9. According to the assessees, Clauses (a) and (b) of the first proviso to Para 4 are independent of each other and have to be read disjunctively as held by the lower appellate authority. Learned Counsel for the respondents has submitted that all the assessees had been availing themselves of exemption from duty under one or the other Notification prior to 1-3-1986 and had continued to enjoy exemption from 1-3-1986 under Notification No. 175/86-C.E. as amended. The assessees had been availing of such exemption during consecutive financial years after 1-3-1986 not in terms of Clause (a) but in terms of Clause (b) of the first proviso to para 4 of the Notification. Since Clause (b) is independent of Clause (a), the second proviso introduced by Notification No. 55/92-C.E. did not in any way affect the assessees' right to avail of the exemption in terms of Clause (b). Learned counsel would, therefore, urge that the decision of the Collector (Appeals) holding the assessees to be entitled to exemption under Notification No. 175/86-C.E. dated 1-3-86 (as amended) for the period 1-4-1992 to 21-5-1992 is only liable to be upheld. In support of his arguments, learned counsel has relied on the following decisions of the Tribunal :-

(i) CCE, Mumbai v. Assam Timbers 1999 (112) E.L.T. 226 (T)
(ii) CCE, Mumbai-I v. Bharat Automatics 1999 (112) E.L.T. 387 (T)
(iii) CCE, Bombay v. P.H. Industries 1998 (28) RLT 215

10. Learned Advocates, who intervened in support of the assessees, have also drawn our attention to the provisions of Notifications 175/86-C.E., 55/92-C.E. and 67/92-C.E. and have argued that it would be too narrow an interpretation of the provisions to hold that unregistered SSI units would not be entitled to exemption under Notification No. 175/86-C.E. (as amended) for the brief period 1-4-1992 to 21-5-1992 while, for the rest of the financial year (22-5-1992 to 31-3-1993), they are held to be entitled to the exemption. Such an interpretation, according to learned Advocates, would run counter to the very object of the exemption Notification No. 175/86-C.E. which was issued in furtherance of the Government policy of promoting small scale industries in the country.
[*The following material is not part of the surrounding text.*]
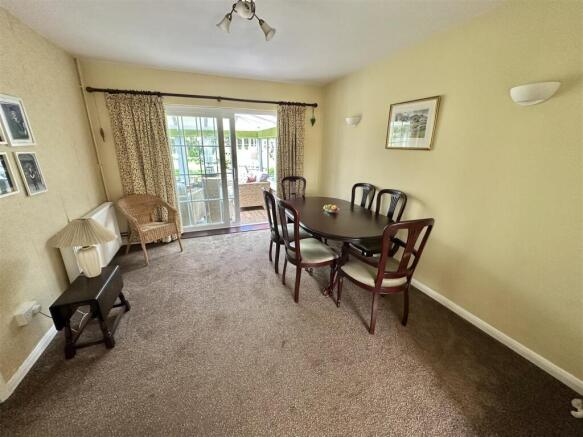4 bed Detached for sale Image 11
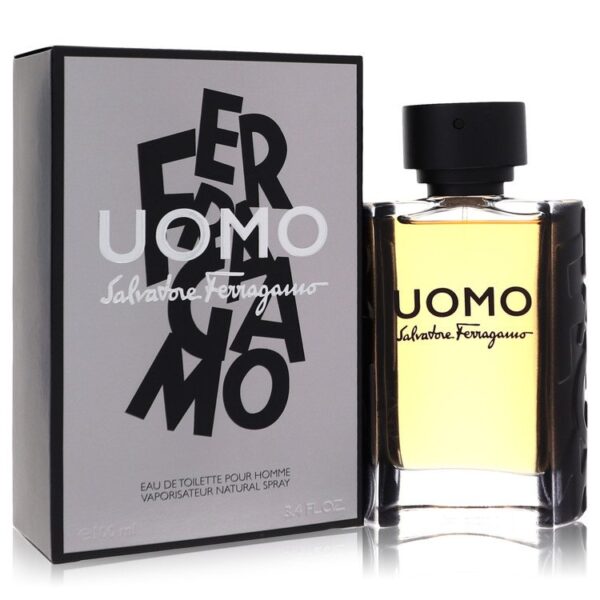 בושם "UOMO" של סלברטורה פרגמו, אריזת קרטון שחורה עם לוגו לבן, בקבוק זכוכית עם נוזל צהבהב, מתאים לגברים.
According to learned intervenors, the bar created by Notification 55/92-C.E., dated 31-3-92 was applicable only to those cases where the unregistered SSI manufacturer had taken advantage of Clause (a) of the first proviso to para 4 of Notification 175/86 during one or more of the preceding financial years. Any such manufacturer who had been availing of the exemption under Notification 1785/86 in terms of Clause (b) of the said proviso in all the preceding financial years would not be hit by the mischief of Notification 55/92. Learned advocates placed before us the following illustrations :-

"Suppose in the financial year 1985-86, manufacturer "Y" has availed of the benefit of Notification 85/85. This is one of the notifications mentioned under Clause (b) (as this clause stood prior to 1-4-1989) of the first proviso of para 4. Consequently, in the financial year 1986-87, manufacturer "X" will be eligible for exemption under Notification No. 175/86 under Clause (b) of first proviso of para 4. Since it has availed of benefit of Notification No. 175/86 in one financial year, it will continue to avail benefit of the said notification for subsequent financial years also be successive application of para 4 (b). Such a manufacturer "Y" has never availed of the benefit of Clause (a) of para 4. To him, amendment of Notification No. 55/92 will not apply. [Parenthesis added]"
"Take for instance manufacturer "Z". Suppose in the year 1989-90 he has a provisional registration with SSI. On the strength of his provisional registration, he would have availed of Notification No. 175/86 under main para 4. Suppose the registration was not renewed in the financial year 1990-91, for the financial year 1990-91, he would still get the benefit of notification No. 175/86 by virtue of Clause (b) to first proviso to para 4, since he has availed of the benefit under Notification 175/86 in the preceding financial year 1989-90. He will continue to avail of the benefit of Notification No. 175/86 for subsequent financial years, due to successive application of Clause (b) of first proviso to para 4. To the manufacturer "Z", amendment to Notification No. 55/92 will not apply, since he has never availed of exemption under Clause (a) in any of the preceding financial years."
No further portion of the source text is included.